Share

5 tips to avoid an audit

21st March, 2017

For a lot of business owners out there, the word “audit” coming from their accountant is enough to induce heart palpitations.

Even if you know you are thorough with your record-keeping, there’s always a tendency to second guess yourself.

Having an audit doesn’t necessarily mean you have done something wrong; sometimes it’s just the luck of the draw.

To reduce the risk of raising a red flag, here are some tips that you should be aware of to help to avoid that dreaded phone call.

1. Personal transactions

I always recommend to my clients that they keep all personal transactions completely separate from their business transactions.

Even if you are a sole trader, have a separate bank account for personal use and keep your business bank accounts strictly for business. Online accounting software like MYOB Essentials includes time-saving features to help take care of the day-to-day bookwork.

2. Know the benchmarking standards for your industry

Benchmarking is how the IRD keeps tabs on businesses.

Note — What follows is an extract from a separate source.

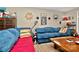 Comfortable living room featuring stylish decor, plush seating, and warm ambiance for relaxation and entertainment at 3430 Rea Rd, Charlotte, NC 28226
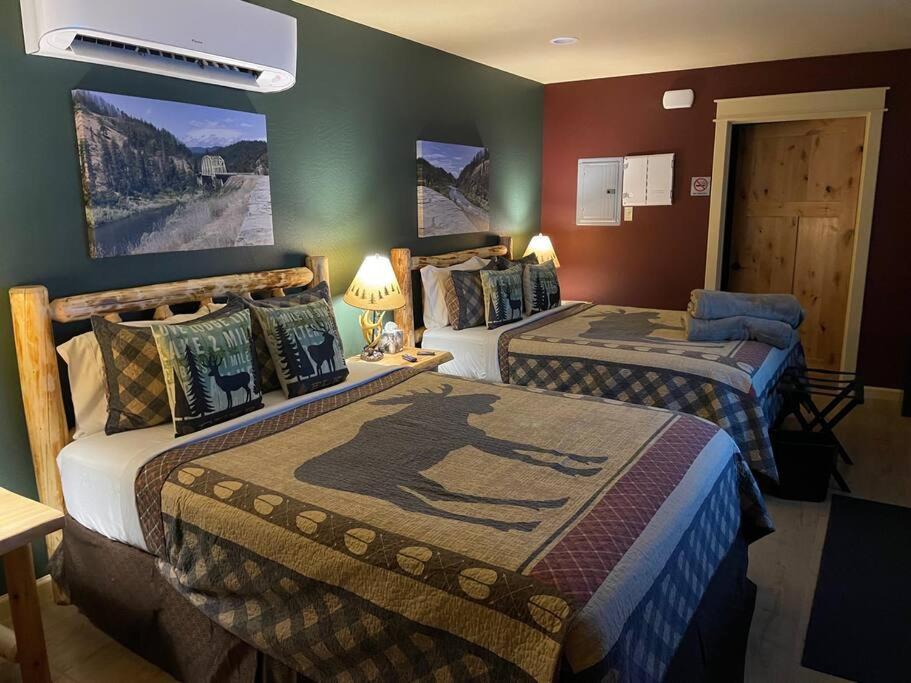 a hotel room with two beds in a room at Cedar Mountain Suite D in Grants Pass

Most industries have a set of benchmarks that the IRD matches to businesses. For example, if you are in the restaurant industry, the IRD will know what your Cost of Goods for food or beverage should be sitting at.

It’s all about margins, so if you are in business, it’s a really good idea to have a chat to your accountant and find out what the benchmarking standards are for your industry to make sure you’re in line with what would be expected.

Not only does this help avoid an audit, but it makes good business sense to know these things.

3. Report your income and expenses accurately

Report all income!

If you have a lot of cash transactions make sure that you have tight systems in place to ensure cash is reconciled daily.

Don’t be tempted to exclude cash from your reporting.

For my clients who have cash businesses, I ask them to bank every cent. It makes it much easier to reconcile in your accounts.

You should also only claim legitimate business expenses. If you are unsure if a purchase is tax deductable, ask your accountant.

A few areas that are closely looked at are Travel, Entertainment and personal use of Motor Vehicles.

If you do a lot of travel for business it’s a good idea to keep a travel diary, make sure you are across what can and cannot be claimed for entertainment and don’t forget to keep your log book in order for your motor vehicle usage.

4. Include everything

The IRD data matches with other agencies. If you have excluded things like interest, shares, dividends and capital gains, this could be picked up triggering an audit.

5. Lodge on time

Being a regular late lodger can definitely put you on the IRDs radar. Staying on top of your bookkeeping on a regular basis makes it easy to lodge your tax returns on time.

Make sure that when you do lodge, you are lodging with the correct data to avoid having to make revisions down the track.

In the event that you are to receive an audit, the best thing that you can do is to be organised.

When the audit takes place, apart from having accurately reported transactions, the Auditor will want see that you have good record-keeping systems in place, you have been able to provide all the required information and are co-operative with their requests.